This note is a joint effort by myself and my colleague and Director of Pathology Informatics, Department of Pathology, University of Michigan Medical School, Dr. Ulysses J. Balis.
In a recent blog note (see: Kaiser & Epic Respond to Justen Deal's E-Criticism), an Epic spokesperson is quoted as saying that the EMR had an availability to Kaiser employees of 99.5%. In another recent note in Lab Soft News, Dr. Howard Landa, CMIO of KP Hawaii, says that they are striving to achieve system availability of 99.8%. In a Modern Healthcare article, Justen Deal is quoted as saying that the Kaiser EMR was typically "down for thousands of user hours a month."

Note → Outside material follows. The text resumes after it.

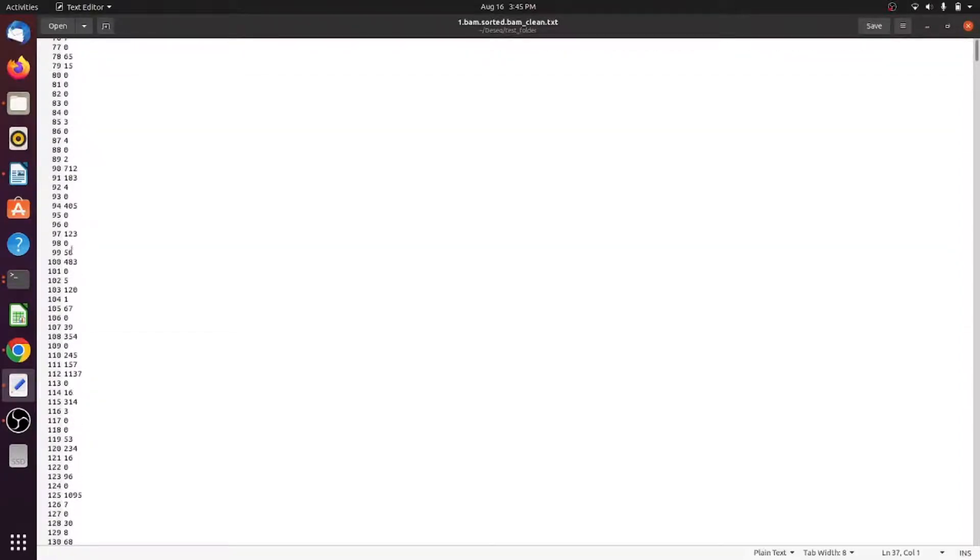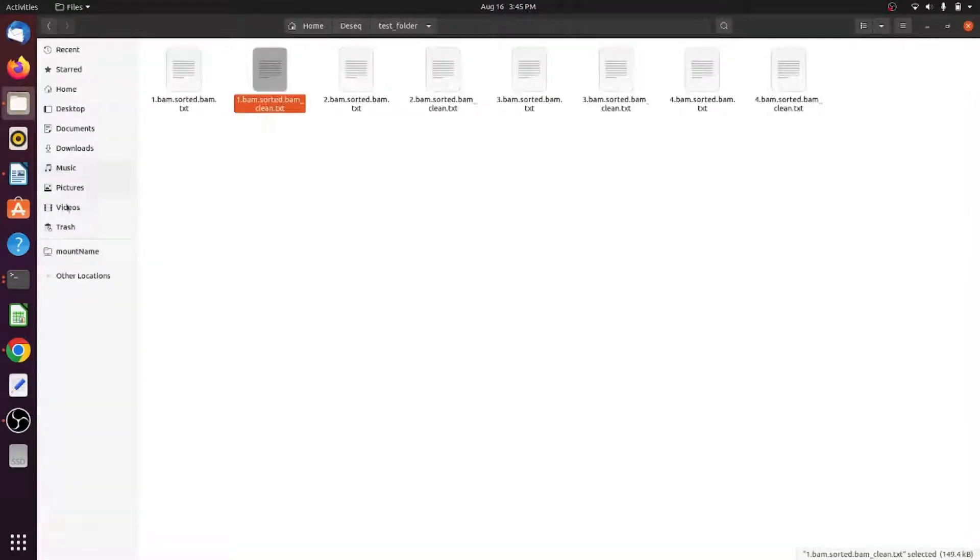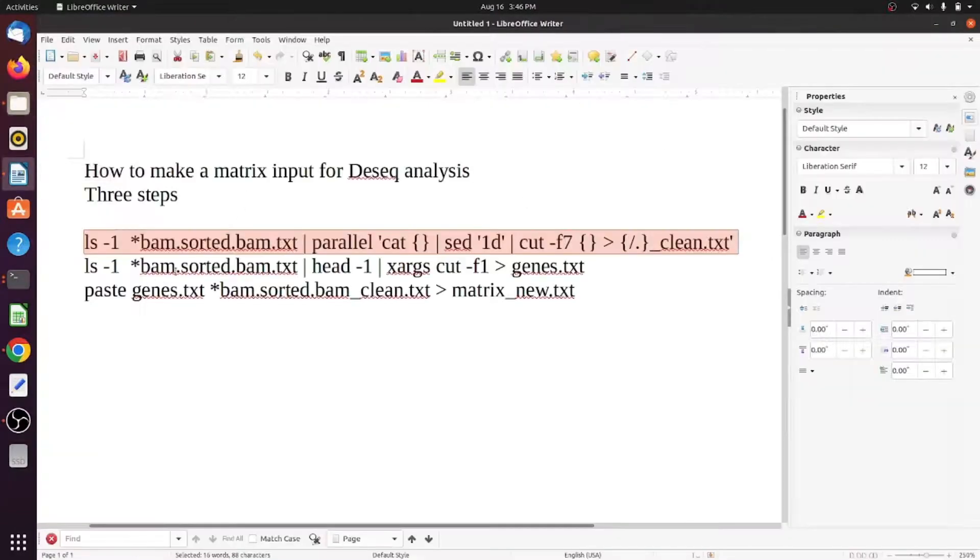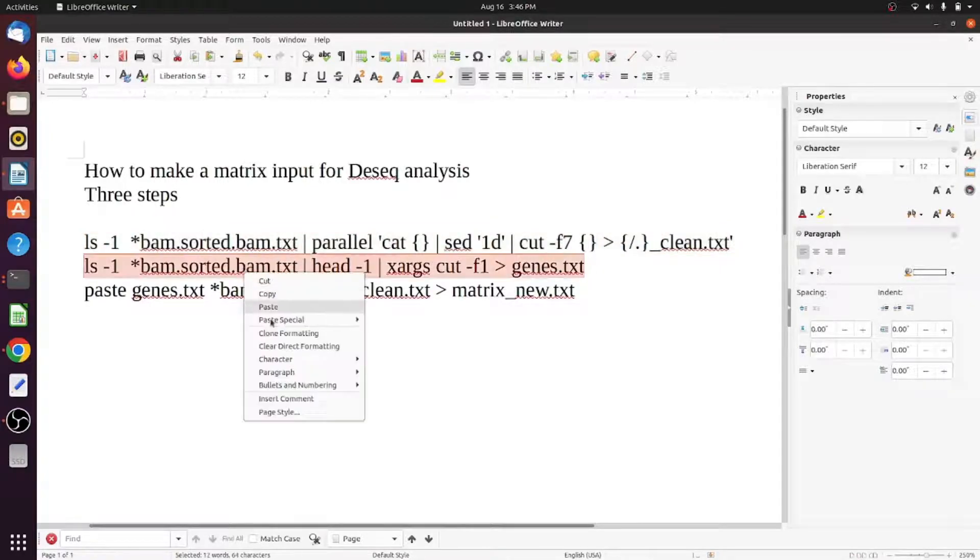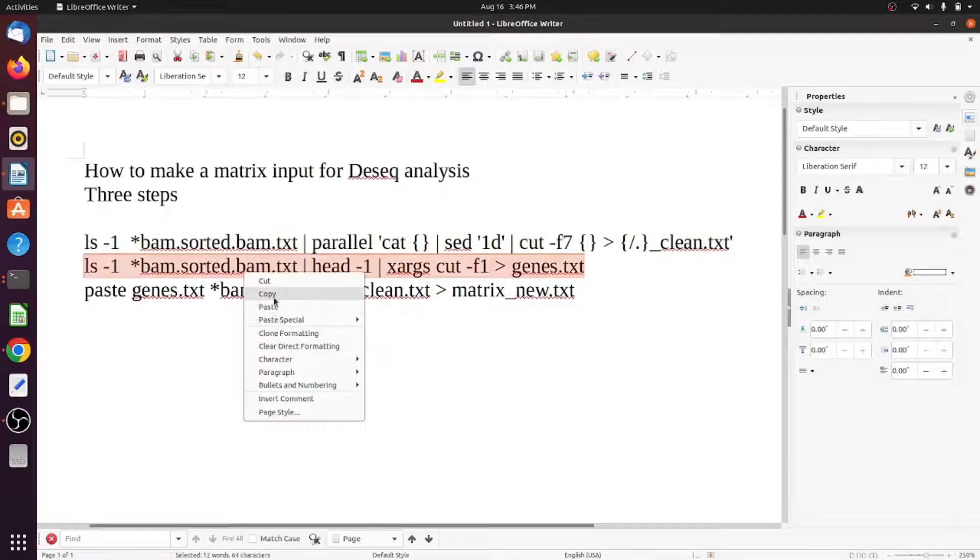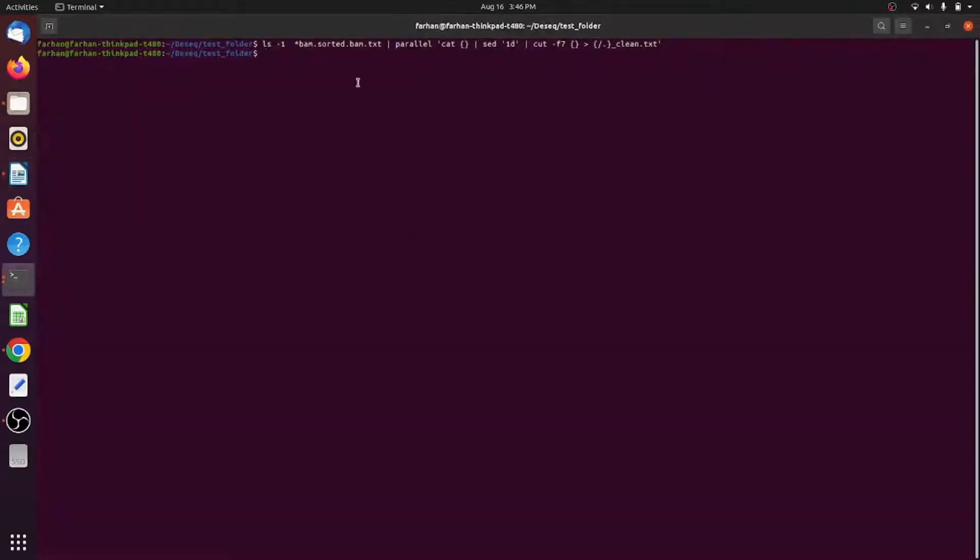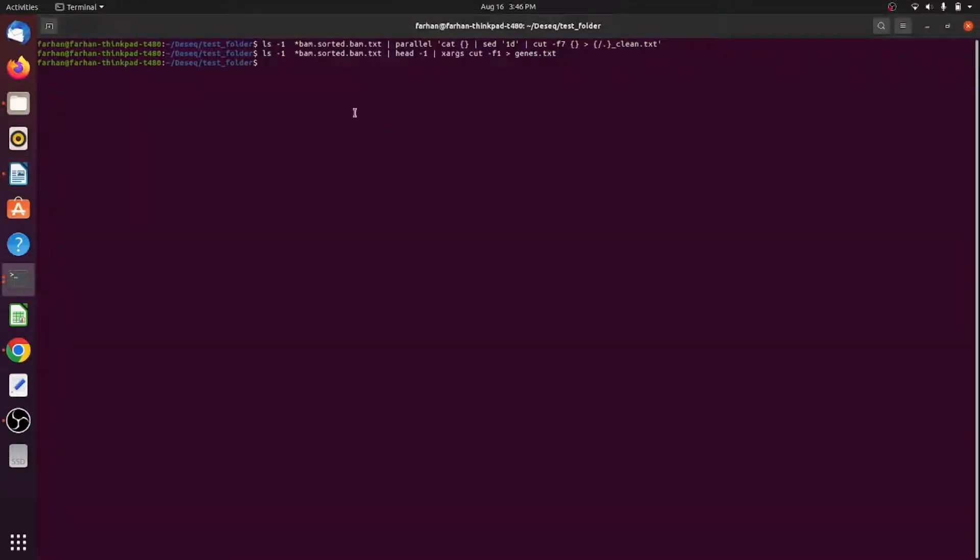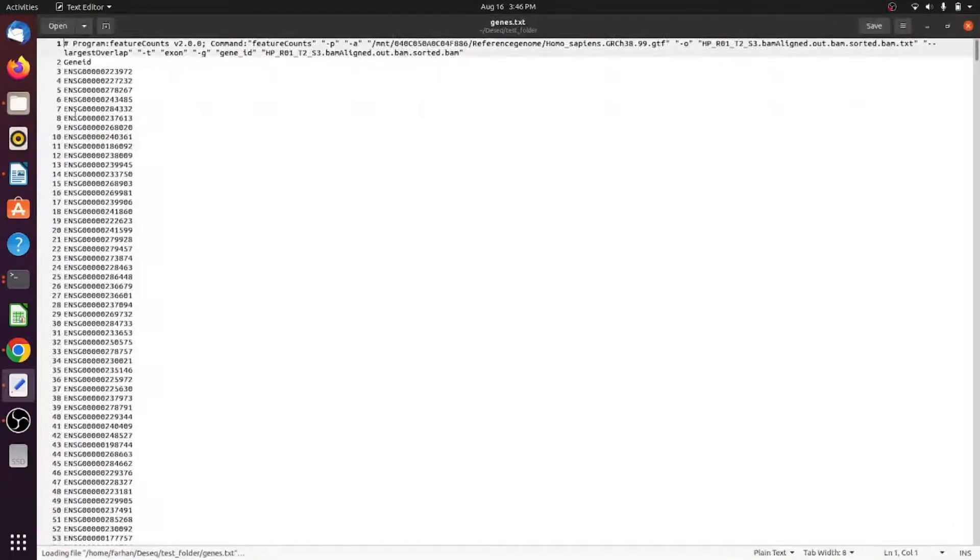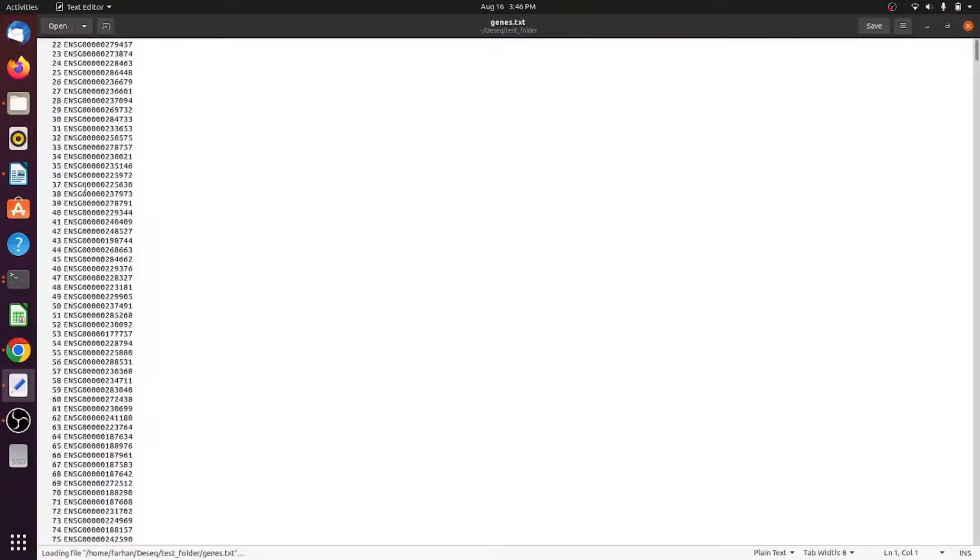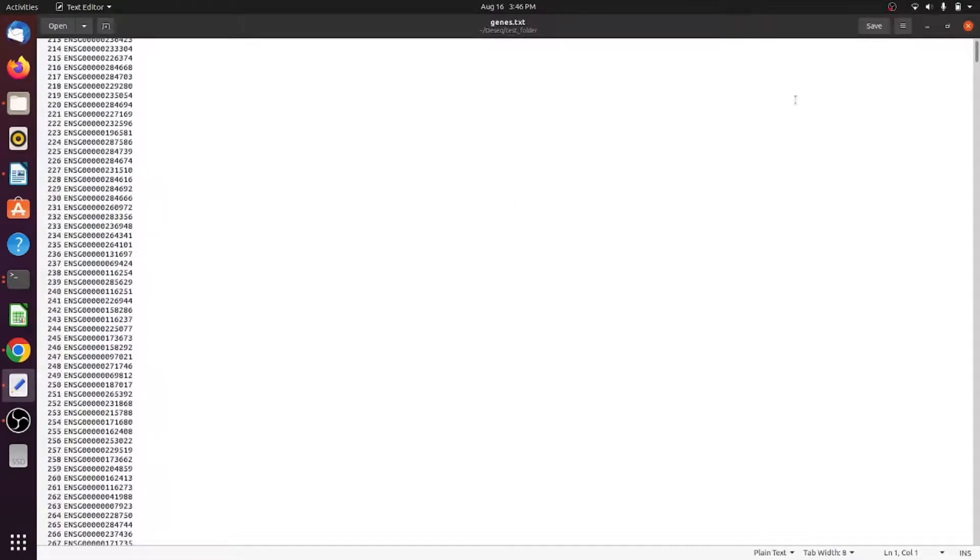The next command will actually extract the genes from all the files. If you copy this command and paste here, just put enter, and you can see there is a gene output here. If you open it, you can see all the list of genes in the samples - around 60,678 genes.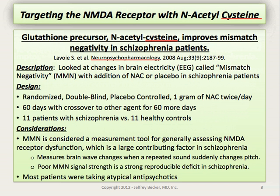The first study is from LaHoy in Neuropsychopharmacology in 2008, titled 'Glutathione Precursor N-acetylcysteine Improves Mismatch Negativity in Schizophrenia Patients.' Mismatch Negativity is considered to be a measurement tool for generally assessing NMDA receptor dysfunction and a large concerning factor in schizophrenia — it measures brain wave changes that occur when a repeated sound suddenly changes pitch. In this study, changes in brain electricity (EEG) were examined in patients given N-acetylcysteine or placebo while continuing their typical medication regimens including atypical antipsychotics. The study was randomized, double-blind, and placebo-controlled, a 60-day crossover study including 11 patients with schizophrenia versus 11 healthy controls.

Whom are we to believe here? One response would be to treat all estimates of system availability from Kaiser, or anywhere else, with extreme caution without an explanation of exactly how the data were gathered and calculated. Another perspective would be be assume that all of these estimates are correct from the perspective of the individual quoted. The reason for this conundrum is that there are two vastly different ways to define computer system availability -- the vendor/vendor-ally view and the end-user view, which can be defined in the following ways:
- Vendor/vendor-ally view: If any one individual service from myriad possible services in the total application suite is available to any single user in any hospital, the system is operating (system up).
- End-user view: If any individual user in any hospital can't log on to any service in the total application suite and complete a desired task, the system is not operating (system down).
We believe that the fairest way to approach this problem of describing system availability is to use the Services Oriented Architecture (SOA) approach and think in terms of the total set of services offered within an EMR suite rather than in terms of access by individual users to a service. In order to summarize system availability, one would then express system availability as the percentage of services available for a particular percentage of the time (e.g., 98% of services available for 99% of a day). Because some EMR services are more critical than others (e.g., writing drug orders by a physician), emphasis would need to be placed in such a report on those that are mission critical. Lack of service availability due to network, PC, or wetware failure, of course, are excluded.
We are purposefully ignoring here the Epic "solution" being used at Kaiser involving multiple instances of the EMR because, as we understand it, the single application would not scale up. Some individuals have been quoted as saying (link here) that as many as 15 instances of the Epic application are now running simultaneously at Kaiser. Presumably, each of these instances would have its own database which can get out of sync with the others. Moreover, the system availability report described above would need to be calculated for each instance. Otherwise, one would need to aggregate the uptime of each respective service for all the instances into one cumulative record and then report service metrics based upon concurrent availability of each service across all instances. Either of these fascinating forays into set and graph combinatorics theory would boggle the mind.
Pointing out how Care Everywhere is supposed to work, and then demanding that "the deriding of Epic's ability to scale should stop" are two separate things.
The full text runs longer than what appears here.